Sin embargo, las decisiones de tener hijos no se toman solo desde el deseo. También se toman desde las condiciones materiales. Desde la pregunta —a veces silenciosa— de cómo se va a sostener ese comienzo. En ese sentido, las licencias no son un beneficio extra, sino una señal. Dicen qué espera el Estado de las familias y cómo concibe la organización del cuidado.

La caída de la tasa de natalidad en Argentina parece preocupar cuando se habla de demografía, de jubilaciones o de futuro económico, pero cuando aparece un nuevo integrante y la organización familiar tiene que cambiar nos toca revisar quién cuida, cómo se cuida y con qué apoyos.

Mientras tanto, en otros países, las políticas de cuidado avanzaron en otra dirección. Licencias parentales más largas, esquemas compartidos entre madres y padres, incentivos para que los varones se tomen efectivamente ese tiempo. No como gesto romántico, sino como política pública. No garantizan más nacimientos, es cierto, pero hacen algo quizás más importante: vuelven la crianza un poco más sostenible.

La filósofa y socióloga francesa Élisabeth Badinter escribió hace décadas sobre cómo la maternidad fue construida como un mandato natural, mientras la paternidad quedaba ligada a la provisión económica.
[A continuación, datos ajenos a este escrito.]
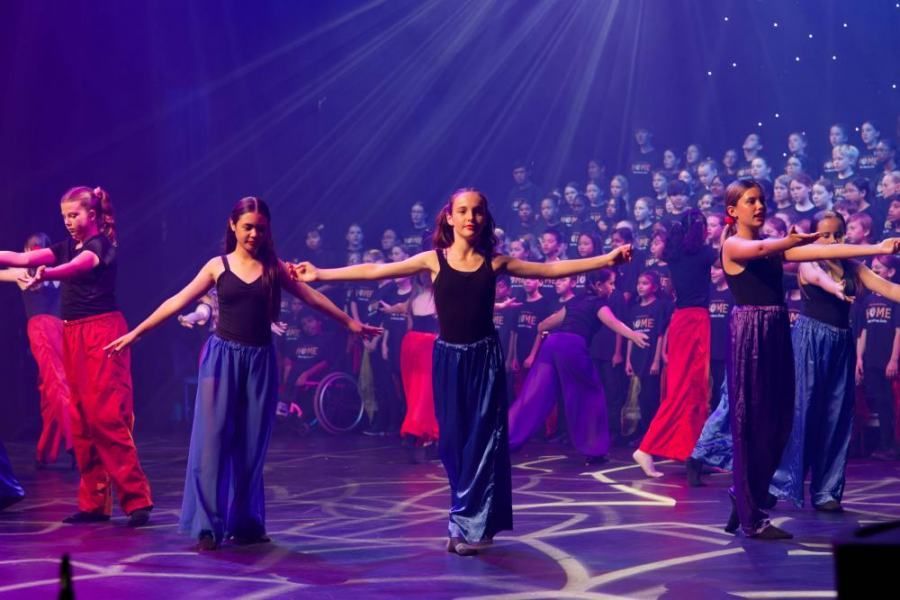 A group of young girls are dancing on a stage.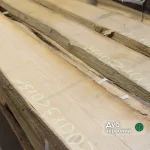 Close-up of unedged red oak boards with chalk measurements showing the wood grain and natural edge.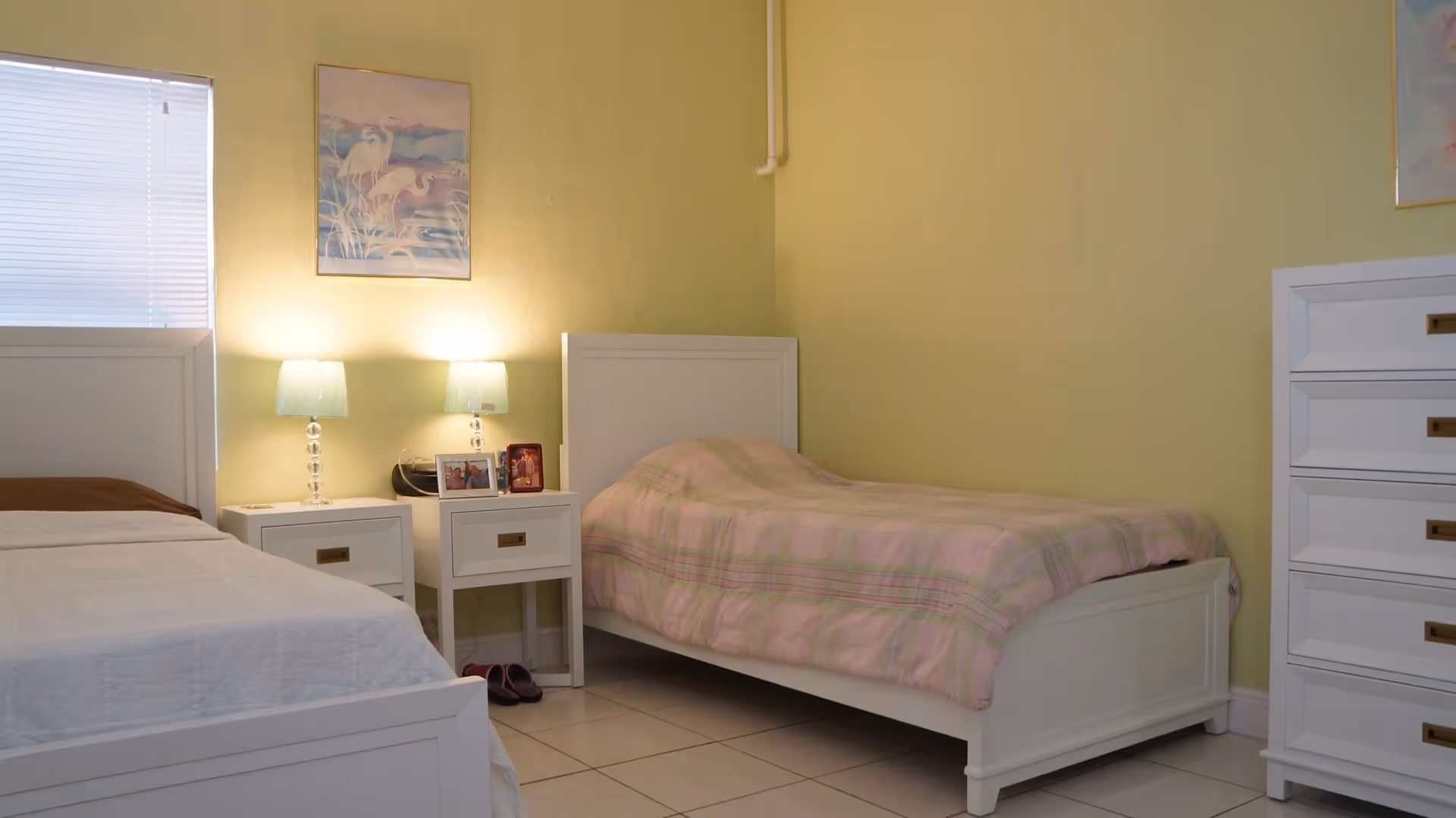 Two twin beds in a softly lit bedroom with nightstands, lamps, framed art, and a white dresser against pale yellow walls.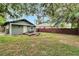 Spacious backyard with a wooden deck and a hammock at 1312 E Louise Ave, Tampa, FL 33603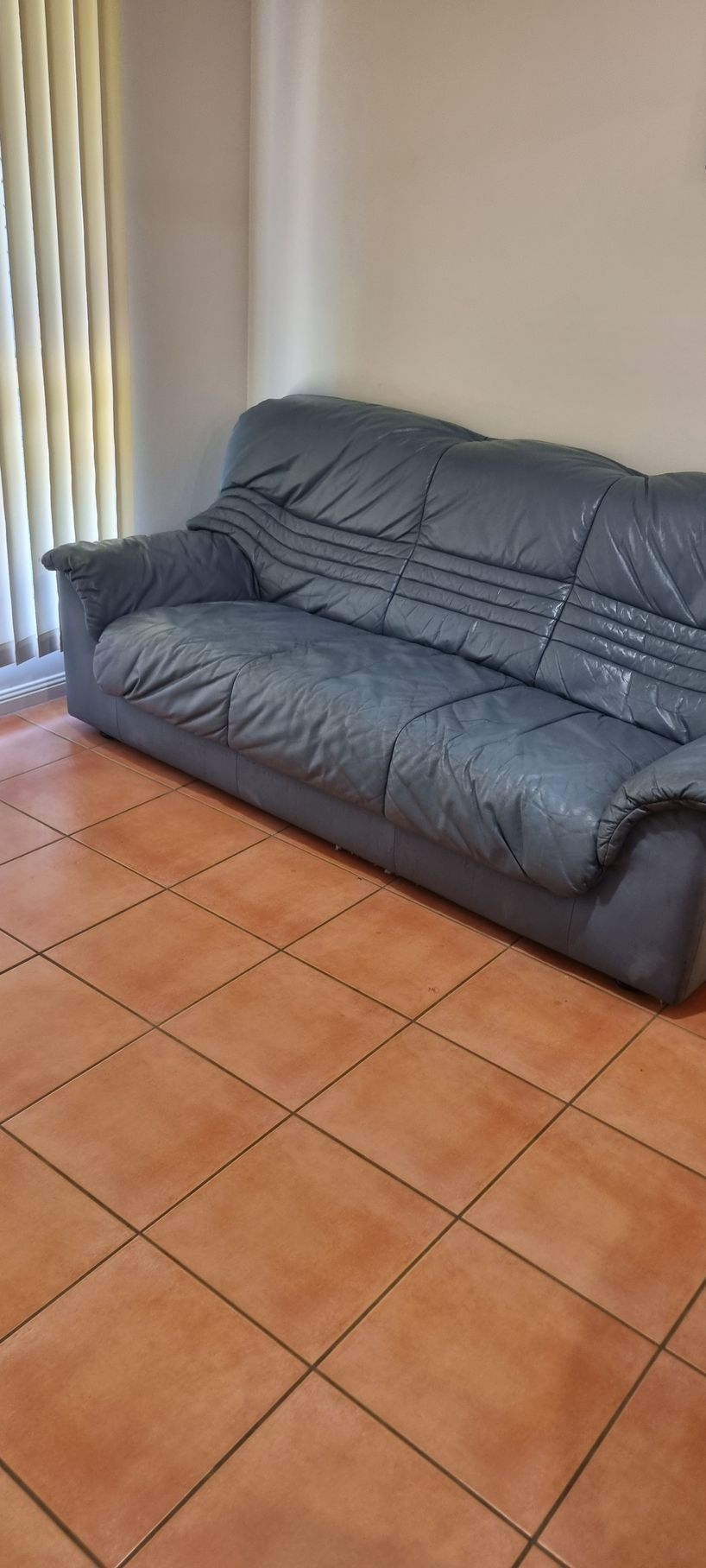 A Worn, Blue Leather Couch Sits in a Room With Brown Tiled Floors — RWM Cleaning in Deception Bay, QLD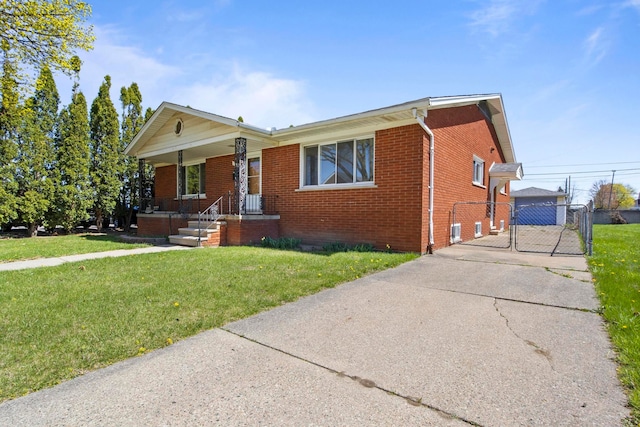 view of front of home with a front lawn, a gate, a porch, fence, and brick siding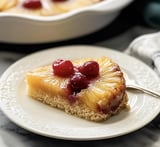 A slice of pineapple upside-down cake topped with cherries on a decorative white plate.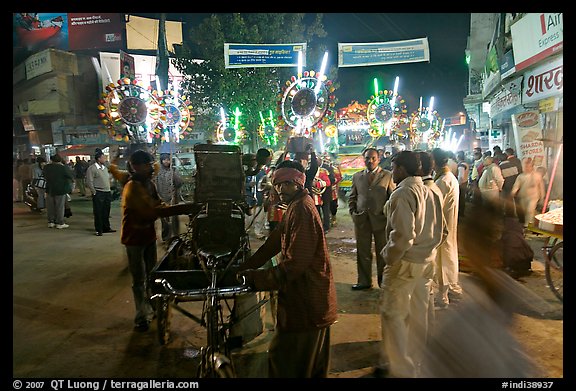 Men pulling generator on bicycle to power lights during wedding procession. Varanasi, Uttar Pradesh, India (color)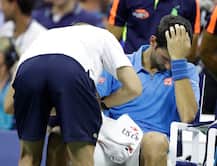 US Open: Novak Djokovic wins despite right arm trouble Jerzy Janowicz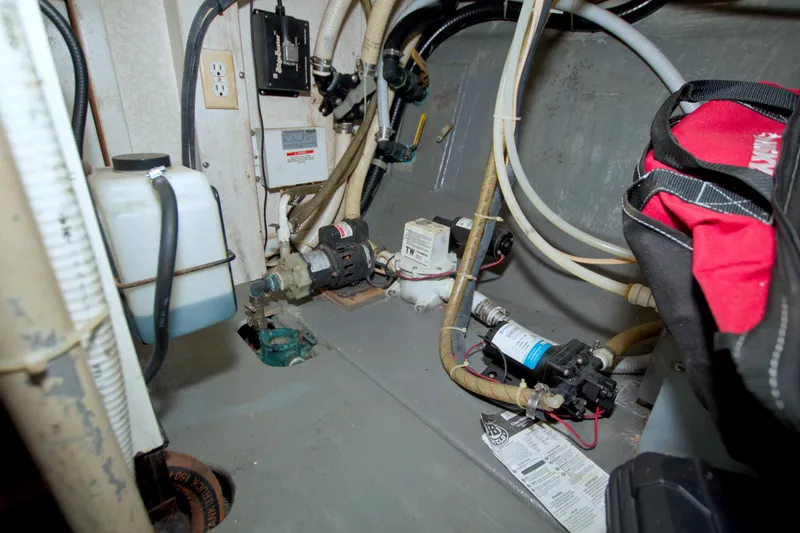 Slide: The Image of Engine room of a 1999 Monk 36 Trawler with various mechanical components. - 60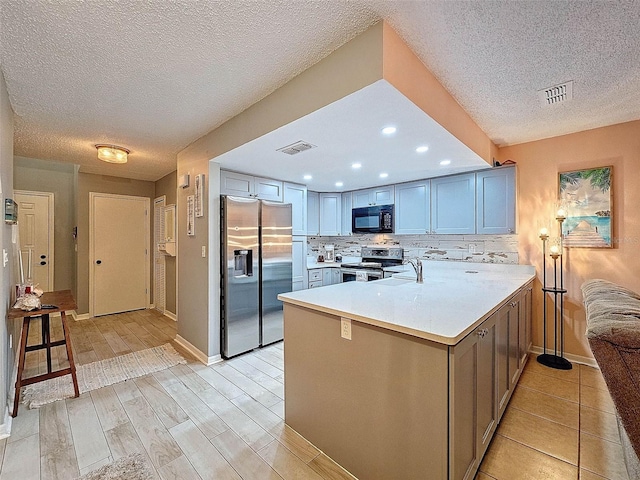 kitchen with backsplash, a textured ceiling, kitchen peninsula, stainless steel appliances, and light hardwood / wood-style flooring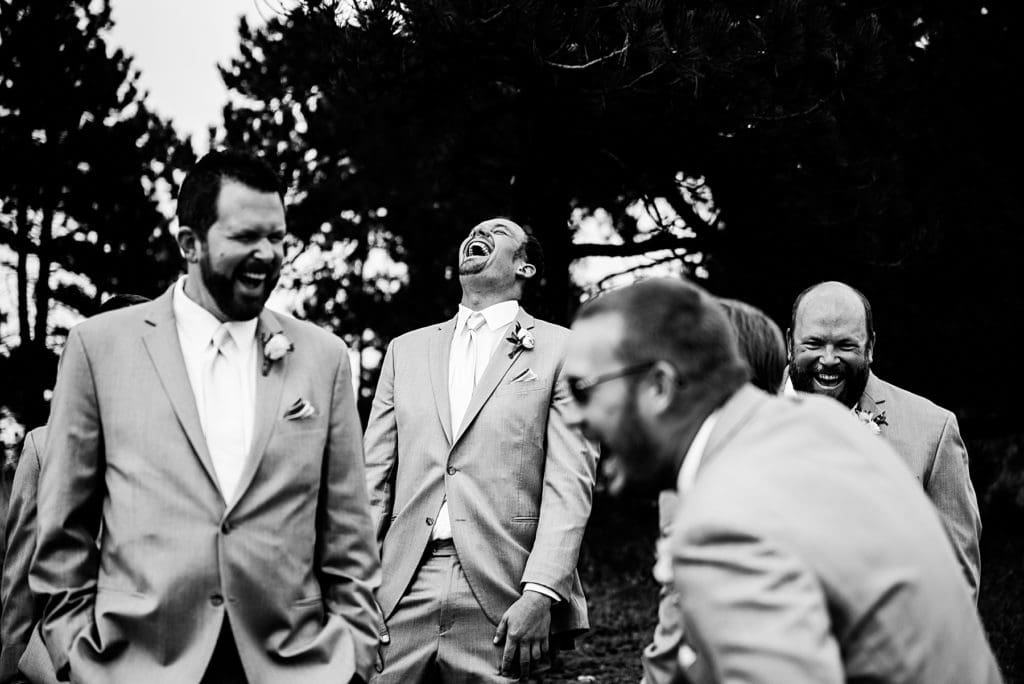 groomsmen laughing with head back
Más cerca en el tiempo, autoras como Rita Segato insistieron en que el trabajo de cuidado —ese que no se paga, no se registra y no descansa— sigue siendo el gran sostén invisible del sistema. Cuando la ley no amplía las licencias parentales, lo que hace es reafirmar esa desigualdad: el cuidado sigue siendo, mayoritariamente, asunto de mujeres.

Pero algo empezó a moverse. Esta generación de padres quiere estar más presente. No solo “ayudar”, sino paternar. Cambiar pañales sin épica, aprender a dormir con un ojo abierto, acompañar el posparto, sostener el cansancio ajeno. No porque sean héroes, sino porque entienden que ese vínculo se construye desde el principio. El problema es que, muchas veces, la estructura laboral los empuja a elegir entre estar y trabajar.

En la práctica, muchos padres resuelven como pueden: piden vacaciones, negocian horarios, vuelven a casa antes de lo que debieran. La presencia se vuelve un privilegio atado a la flexibilidad laboral o al capital económico. Y el cuidado, otra vez, se organiza alrededor de lo posible, no de lo justo.

La socióloga Eva Illouz escribió que el amor moderno está profundamente condicionado por las estructuras económicas. Tal vez la crianza también. Porque no se trata solo de emociones, sino de tiempo, de descanso, de respaldo institucional. De que el Estado reconozca que los primeros meses importan. Que no son un detalle privado, sino un momento fundante.